The Global Fund for AIDS, TB and Malaria, is currently putting together the precise rules on how it might run an ambitious project to subsidise malaria drugs for the poorest people in the world.

The project, called the Affordable Medicine Facility – malaria (AMFm), is intended to subsidise the cost of artemisinin combination therapies (ACTs), the most effective anti-malarial treatment available currently, to ensure more people can afford drugs that will cure them of malaria. AMFm’s proponents estimate that it could save 174,000 to 298,000 lives per year.

The Global Fund has been tasked with turning this idea into reality. In April, it agreed in principle to manage the AMFm, although the final go-ahead will only be given in November, if its board members agree to the detailed implementation plan now being put together.

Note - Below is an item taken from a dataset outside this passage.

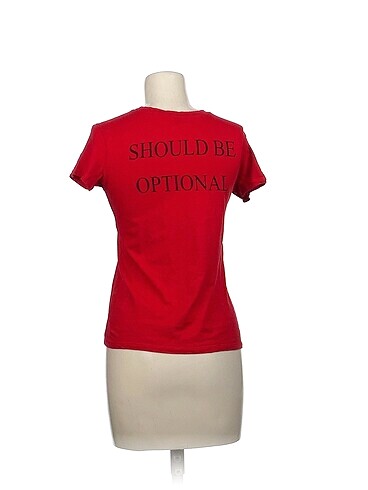 xs Beden Bershka T-shirt %70 İndirimli.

The implementation plan is thought to include details on how the Fund will be run on a day-to-day basis; how many people will run the scheme internally, how countries will apply and companies will be paid, which countries will form an initial year-long pilot and how an independent panel will evaluate whether that pilot has been successful.

The AMFm is being developed to address the reality faced by consumers, that anti-malarial treatments from local, small private retailers can be prohibitively expensive – on average US$6. In the public sector, where there is more regulation, ACTs are often free or already subsidised by donors like the Global Fund, but harder to access.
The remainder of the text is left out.